CC : Pour illustrer les propos de Jacques Lesage, je vais vous donner un exemple. Récemment, un collectif d’habitants s’est constitué dans un des quartiers de Lyon. Comme ils avaient payé une adhésion à la CSF, ils nous ont demandé de faire des interventions pour eux. Ils nous ont considéré comme un prestataire de services. Or, la culture de la CSF n’est surtout pas de faire à la place des habitants mais de donner des clefs de compréhension, d’accompagner les comités de locataires dans leur démarche, leur proposer des formations, les mettre en relation avec d’autres comités… Cet exemple montre l’écart entre la culture syndicaliste de la CSF et les locataires qui sont de plus en plus d’abord des consommateurs. J’ai payé donc j’ai droit à…
Les nouvelles générations ont moins la culture du syndicalisme et sont beaucoup plus individualistes. C’est très difficile de les sensibiliser sur des revendications collectives, de les amener à s’impliquer dans nos commissions de réflexion et d’évaluation. Je connais des militants qui sont engagés depuis des dizaines d’années, il y en a même un qui est bénévole à la CSF depuis 60 ans ! Cet investissement au service des autres, ce sens du collectif sont tout à fait remarquables. Mais même leurs enfants ne suivent pas cette dynamique militante.

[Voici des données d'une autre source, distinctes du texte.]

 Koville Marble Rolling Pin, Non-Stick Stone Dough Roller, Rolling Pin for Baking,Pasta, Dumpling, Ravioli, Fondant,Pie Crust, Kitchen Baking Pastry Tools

C’est grave, pour la CSF et plus largement pour le monde syndical et associatif, parce qu’il y a là une transmission des savoirs faire qui disparaît. Les militants syndicaux, animés par un engagement politique fort, ont développé, au fils des années, des compétences pour défendre les intérêts des locataires, des parents d’élèves, des familles… Ces compétences à appréhender la loi, à élaborer des revendications, à installer une veille permanente, à construire avec rigueur des propositions pour aboutir à des accords ou au vote de nouvelles lois, cette capacité à interpeller les pouvoirs en place, à influencer les décisions par la négociation voire l’opposition, bref, ce qui constitue la culture syndicale se perd aujourd’hui dans la revendication ponctuelle d’intérêts particuliers. Bien sûr, dans une telle situation, les syndicats comme les associations ont tendance à se professionnaliser et à n’exister qu’à travers leurs salariés. Mais, avec une telle évolution, on perd l’âme même des syndicats, de la CSF fondée sur un engagement politique et une répartition des investissements entre l’ensemble des militants. Les équipes locales des sections et des comités de locataires sont inquiètes et s’interrogent sur les relèves possibles. Nous réfléchissons à ces mutations de notre société et des formes d’engagement. Nous nous interrogeons sur comment garder ou renouveler le sens collectif.
Un mouvement syndical ou associatif est par définition mouvant et en perpétuelle évolution. Certes, aujourd’hui nous traversons une crise, mais il faut voir plus loin. Je suis certaine qu’un renouvellement s’opérera, qu’il conjuguera de nouvelles formes de bénévolat et de nouvelles missions pour les salariés. Ces derniers seront probablement amenés à porter une certaine stabilité, à faire vivre très concrètement les orientations politiques voulues par les bénévoles et à garantir une certaine dynamique. Car si la baisse de l’investissement des bénévoles est grave, l’absence totale de salarié dans un mouvement comme le nôtre est également fort préjudiciable au dynamisme de l’action et au développement de l’association. J’ai vraiment le sentiment que de nouveaux équilibres vont se trouver.

Les questions que vous abordez sont très souvent complexes comme l’est également le processus de décision et les différents acteurs impliqués. Pensez-vous nécessaire de faciliter des formations à la "chose publique" et si oui, sous quelle forme ?

C’est pour nous une question essentielle. Par exemple, en matière de logement, notre volonté a toujours été d’apporter les éléments d’information pour que les locataires puissent comprendre et agir, connaître leurs droits et leurs devoirs. C’est pourquoi nous organisons régulièrement des formations. Ces dernières sont assurées par des militants éclairés ou par des intervenants spécialistes des questions que nous souhaitons aborder. Le programme de cette année a porté sur différents thèmes : le rôle du représentant de la CSF élu dans les Conseils d’administration des bailleurs sociaux, les droits et devoirs des locataires, l’eau chaude sanitaire, les accords collectifs et les charges locatives.